Защитник Карса Эмин послал Киос-Магомету призыв о помощи. Тот пообещал подойти с сильной армией 23 июня, завершив свое послание словами: «Войска твои храбры, Карс неодолим, русские малочисленны. Умей одушевить гарнизон. Мужайся, доколе я прибуду».

ИМПРОВИЗИРОВАННЫЙ ШТУРМ

17 июня передовые казачьи пикеты увидели вдали очертания Карса. С севера и северо-запада крепость и город были прикрыты Чахмаскими и Шорахскими высотами, представляющими собой отроги хребта Саганлуг.

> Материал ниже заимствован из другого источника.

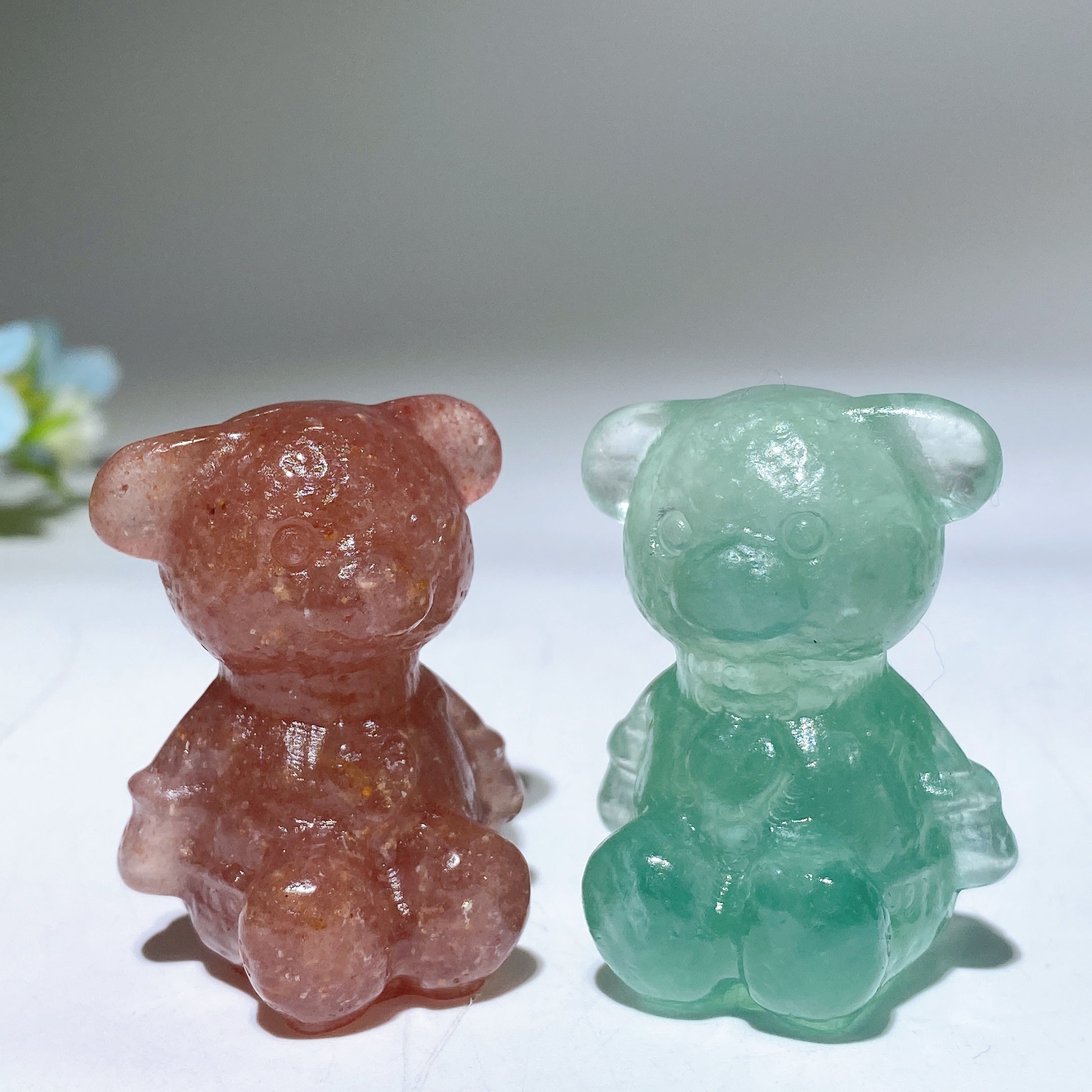 Mixed Crystal Bear Carvings 1.6" Healing Figurines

С юга и востока располагались городские предместья. За ними — сама крепость, укрепления которой представляли собой неправильный четырехугольник. Цитадель, высившаяся на скале Карын-Кала, состояла из трех ярусов стен и была доступна только со стороны предместий. Доступ к воде обеспечивался надежно прикрытым подземным ходом.

Паскевич ожидал появления Киос-Магомета и 19 июня начал обход Карса, с тем чтобы перерезать дорогу, связывающую эту крепость с главным городом Анатолии Эрзерумом. Собственно обходной маневр осуществлялся только обозом и подразделениями, выделенными для его охраны, остальные же войска, стали приближаться к неприятельской твердыне.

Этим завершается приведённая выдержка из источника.